Corkage is a thing my opinions are very varied on, so I have been saving writing it up. But I'm seeing a new trend in NY restaurants at the moment that I see as so absurd I feel it needs addressing. Places that do not offer wine are charging for corkage which is ridiculous and, if we are learning anything from the saga of the East Village's European Union opening, probably criminal.
In a nutshell, corkage is the fee restaurants charge to serve you your own wine. The fee is justified as covering the costs of glassware and the staff to support the service of wine and the charge is understandable, because places make money on their wine and a certain amount of any restaurant with a liquor license's business model would be a certain amount of earnings from beverage service.
The few, simple guidelines I believe apply to bringing your own wine to a restaurant, are:
1. The wine should be something the restaurant does not offer. If they sell what you want there, you should buy it from them.
2. The wine should be unique from their offerings. Don't bring Ornellia to a place that sells Sassicaia. Even though they are indeed different, they are not unique enough to justify supplying your own.
3. Your wine should be significantly better than what they are offering. Or at least as good. The chef should not be expected to make food that will go well with a wine not on par with the caliber his place offers.
4. The most that any place should charge for corkage is the cost of the cheapest bottle of wine on their list. Half of that would be fairer, since they are losing no product in the exchange.
5. It is their place and thusly their policy is to be followed, no reason to argue. If you are bringing wine to a restaurant, you should call ahead of time and find out their corkage policy, not show up with wine in a scuba bag and argue about the house's rules.
Now, being a guy without a lot of depth in his wine cellar, at this point I am not faced with wanting to have so and so cook for me while I drink my prized bottle of such and such, which is the occasion I can imagine my wanting to bring a bottle to a place for.
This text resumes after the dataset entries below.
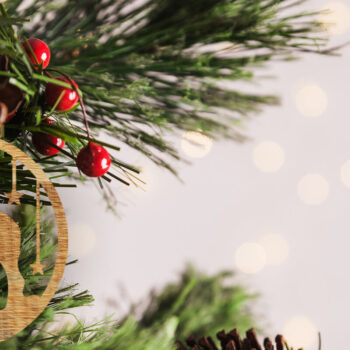 Intra απο ξύλο plywood 3mm-4mm πάχος - Στολίδι Χριστουγεννιάτικου Δέντρου με Laser Cut  Δίασταση 6x6 cm INTRAFABR-48618023 - Image 1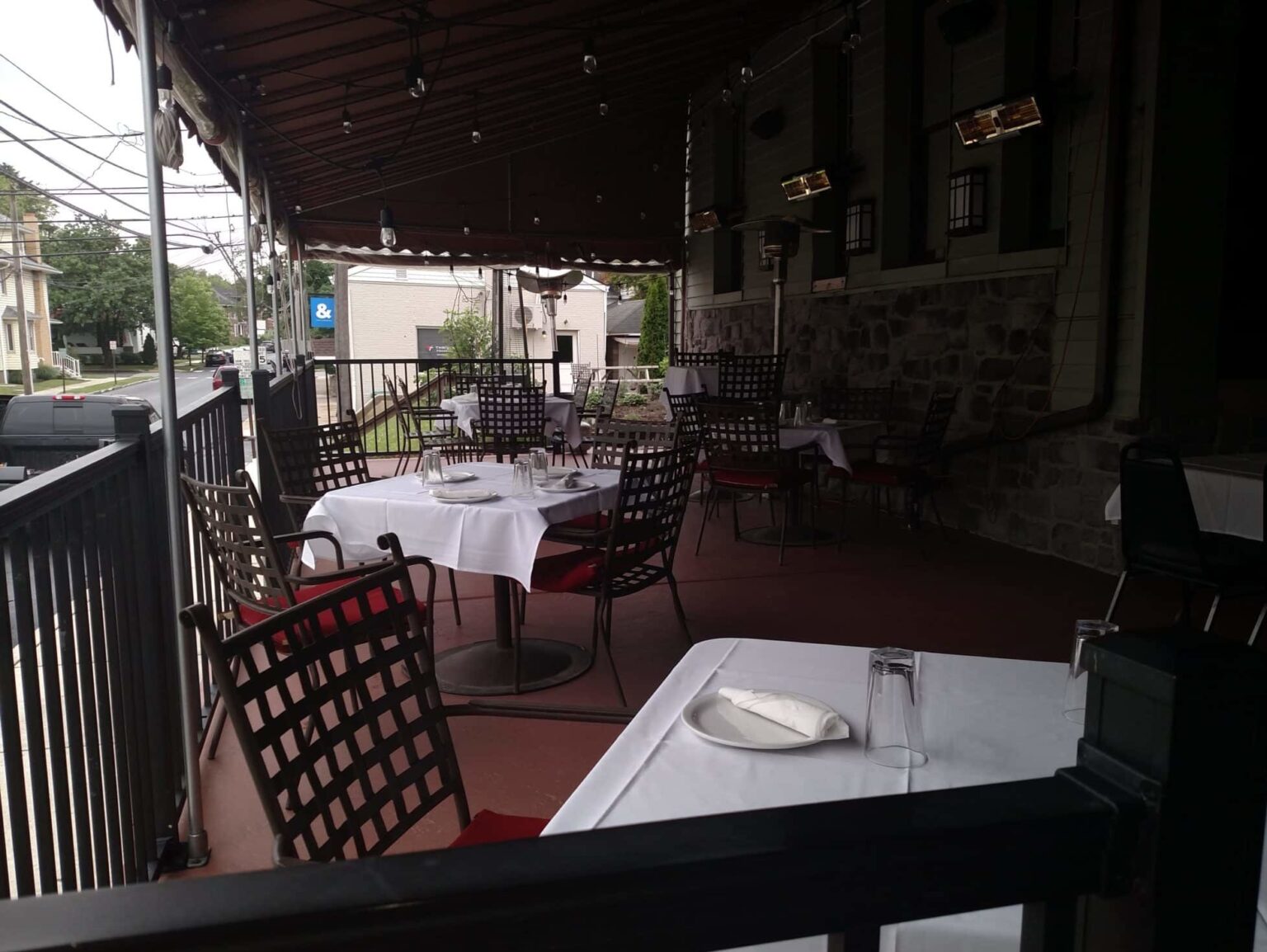 Restaurants with Best Outdoor Dining in Hershey PA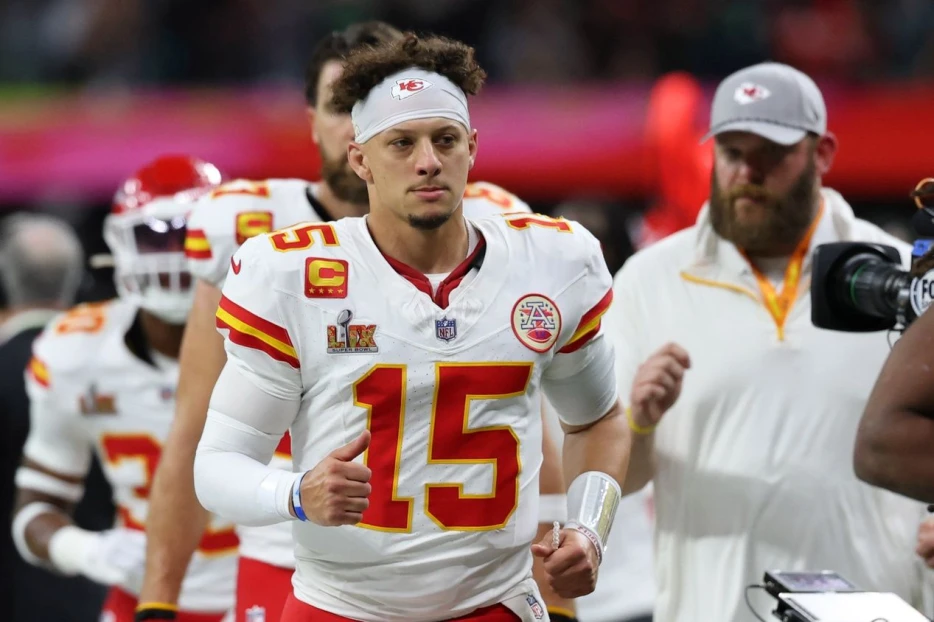 Chiefs Superstar Patrick Mahomes Trying To Convince Dad, Pat Mahomes Sr., Not To Fight John Rocker in Boxing Match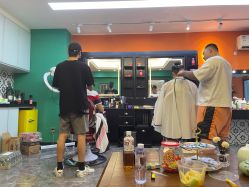 -鸿運 BARBER SHOP男士理发馆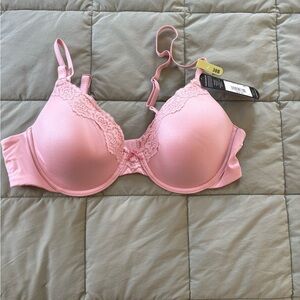 Maidenform Soft Pink Lace Bra NWT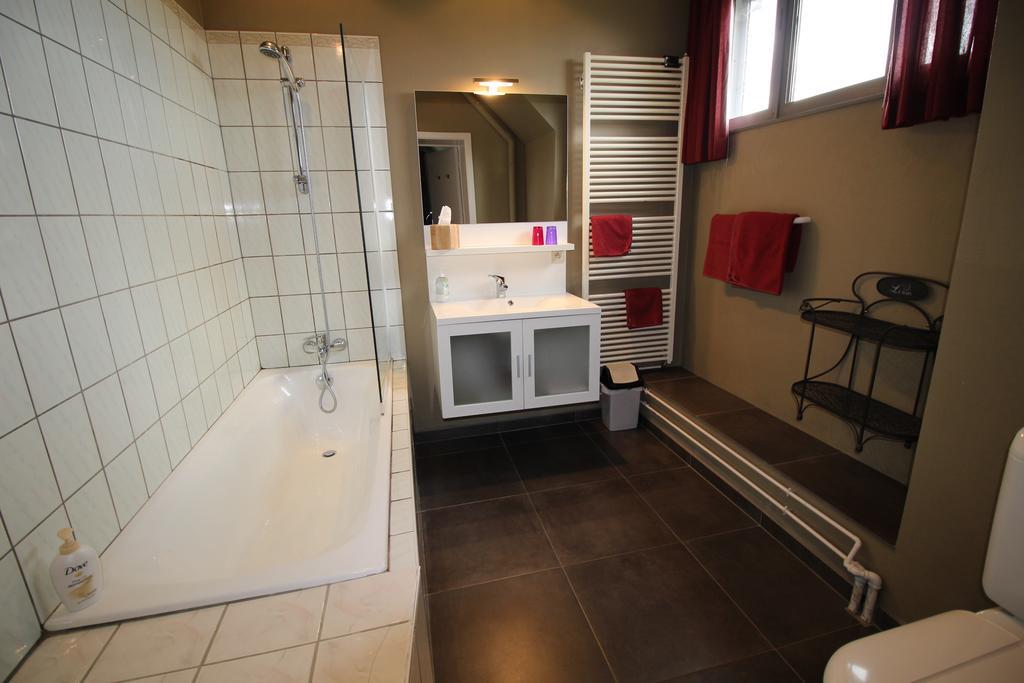 Les Alisiers Hotel Nadrin Quarto foto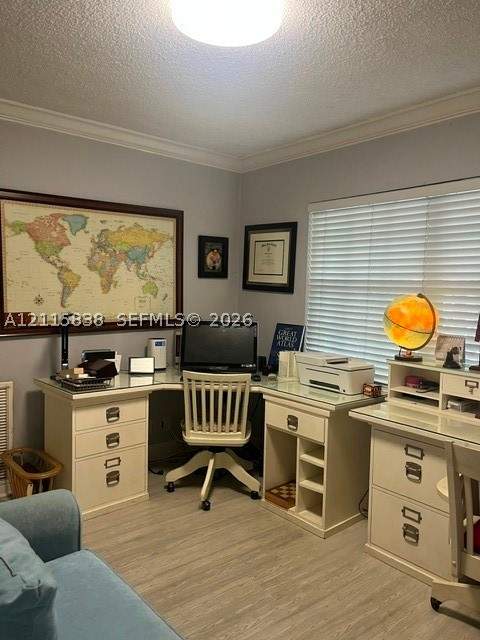 4422 SW 127th Pl, Miami FL - photo 6 of 10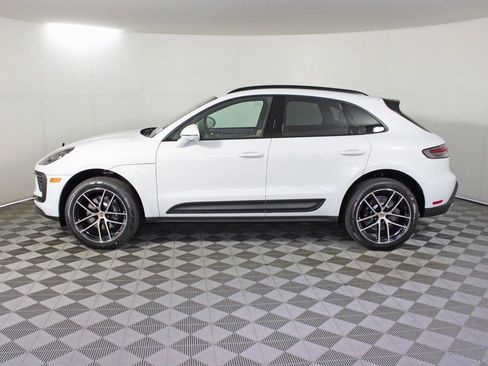 Used 2025 Porsche Macan image 2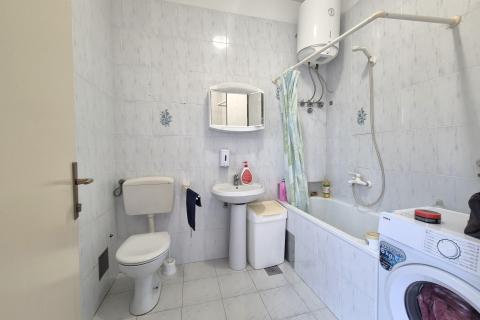 Rijeka, Martinkovac - tri stana i garaža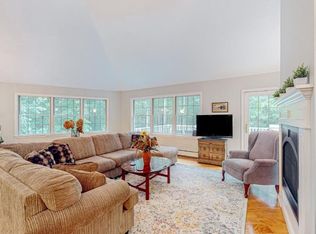 24 Mill St, Raymond, ME 04071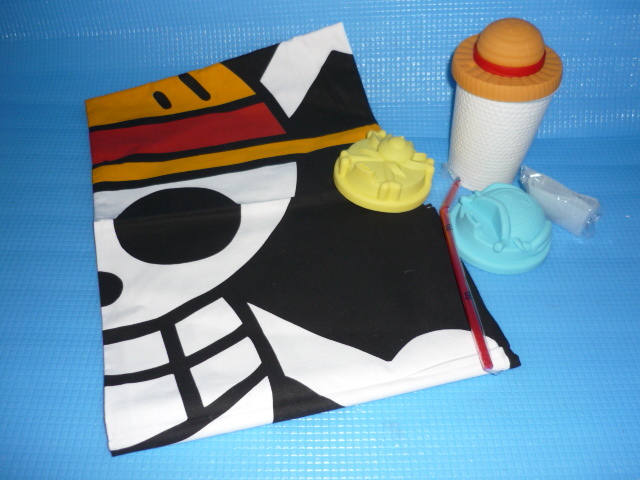 A 非売品 One Pieceワンピース 麦わらの一味海賊旗とタンブラー オリジナルキャップ３種付き その他 売買されたオークション情報 Yahooの商品情報をアーカイブ公開 オークファン Aucfan Com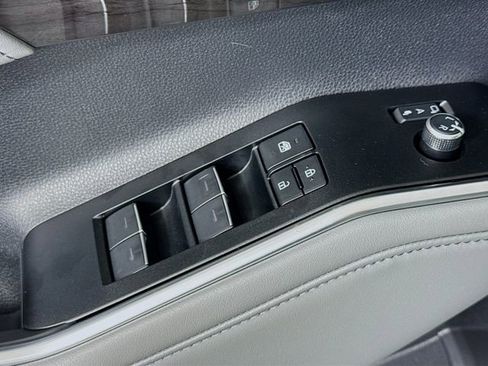 New 2026 Toyota Highlander Platinum image 14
At this point, I mostly still consider the wine program an intricate part of a restaurant's philosophy and judge their choices in offerings, as well as pricing and service, to be telling as to where their really heart lies.
As for this new, recurring practice of places charging a corkage fee while awaiting their liquor license -- screw that and screw them. When going to a new place, call and ask if they have a liquor license. If the don't, ask if they allow you to BYOW (no longer a safe assumption). If the answer is no, and then yes, ask if they have a corkage policy. If they charge you for serving you your wine when they have not gone through the costs of putting together a wine list, paying someone to maintain it, applying for and securing the proper licenses, and insuring the place against possible liquor-inspired law suits, they don't have the right to expect profit from the sale. If things are as they should be and there is no charge for corkage, buy their most expensive bottle of water and help keep them going on the right track.